Banderas en julio

Francia

Es tradición que los primeros días de julio los ciclistas empiecen a pedalear en el Tour de Francia, que es la carrera por excelencia. Francia es un gran país, con una tremenda historia y una riquísima aportación a la ciencia y la filosofía, a la política y el derecho o a las costumbres y la cultura de Occidente. Desde el electromagnetismo de Ampère y las leyes de Gay-Lussac o Foucault a los descubrimientos de Pasteur o Marie Curie; desde el principio de la división de poderes de Montesquieu a los códigos napoleónicos o al impulso fundacional de la Unión Europea; desde los dramaturgos neoclásicos, como Racine, Corneille o Molière, a las cumbres realistas de Stendhal, Balzac y Flaubert; desde la configuración del olimpismo moderno de Coubertin a la competición de tenis de Roland Garros o la celebración del Tour.
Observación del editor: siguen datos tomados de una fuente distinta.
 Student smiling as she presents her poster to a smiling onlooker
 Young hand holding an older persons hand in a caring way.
Pero este año en Francia no están pendientes de la ruta ciclista, de los rodadores flamencos, los velocistas británicos o los campeones eslovenos. Este mes de julio los franceses vuelven a sufrir el vandalismo y el saqueo de una parte de su población inmigrante, principalmente de origen magrebí y de religión musulmana, que, atacando los edificios públicos y quemando la bandera de la revolución, evidencian que no han sido capaces de integrarse en la sociedad liberal capitalista, en los principios de libertad e igualdad, en definitiva, en la democracia. Más allá de las importantes algaradas de estos días que como ocurrió en 2005 se terminarán controlando, el problema es que, igual que el país vecino contribuyó al desarrollo de Europa y de la moderna sociedad occidental con aportaciones como las antes referidas, también ha sido pionero en la introducción de un tipo de emigración que no solo no acepta, sino que combate nuestro arquetipo social, político y cultural. Siendo entonces el problema de Francia un problema de toda Europa, mal haremos en no considerarlo como tal; eso sí, fijándonos en los muchos errores que han cometido allí.
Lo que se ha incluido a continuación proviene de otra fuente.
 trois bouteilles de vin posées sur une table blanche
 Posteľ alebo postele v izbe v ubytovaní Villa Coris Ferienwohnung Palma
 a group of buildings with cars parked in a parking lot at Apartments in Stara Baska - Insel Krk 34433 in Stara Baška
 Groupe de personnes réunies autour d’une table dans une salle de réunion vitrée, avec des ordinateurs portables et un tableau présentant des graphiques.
Pero volvamos al Tour, que hoy ya rueda por tierras francesas, y que durante tres días han acogido en el País Vasco; con mucho entusiasmo, sí, pero también con la habitual exhibición de catetismo. ¡Qué cansinos con el repertorio de banderas y de signos independentistas! Junto a los miles y miles de ikurriñas, que restregaban a ciclistas procedentes de cualquier sitio, se han exhibido numerosas esteladas catalanas y hasta las antiguas pancartas de los presos vascos, que ya me dirán si no resultan anacrónicas después del claudicante movimiento centrípeto del ministro Marlaska.

Y de esta reivindicación inoportuna y chabacana no podemos echar la culpa a los franceses: ellos nos han traído el escenario del Tour, pero la deslealtad y la desafección con nuestro país la han puesto y la ponen siempre compatriotas que no proceden precisamente de fuera de la piel de toro. Todos esos cuneteros gritones con cortes de pelo imposibles e indumentaria de montañeros (cuanto daño ha hecho la ropa del Decathlon a la clásica y sobria elegancia de las ciudades vascas) no auguran un futuro prometedor para el desarrollo y el disfrute de las libertades democráticas en un país unido y cohesionado.

Esa es la realidad: nada bueno pueden aportar a España los que están convencidos que no forman parte de ella y que, decidiendo que su historia empieza en los albores del siglo XX, adoptan símbolos importados y renuncian a los que representan las gestas y hazañas de una patria común. Esa es la realidad: no pierden la ocasión de televisar al mundo su odio y su rencor hacia quienes les acogen democráticamente sin ni siquiera exigirles que pidan perdón por sus delitos de sedición y malversación o por sus horribles crímenes terroristas. Y esta es la realidad, aunque el presidente Sánchez no quiera reconocerla; hacerse acompañar de todos ellos, que es la única manera que tendría de renovar su mandato, no es bueno para nuestro país, aunque lo sea para él.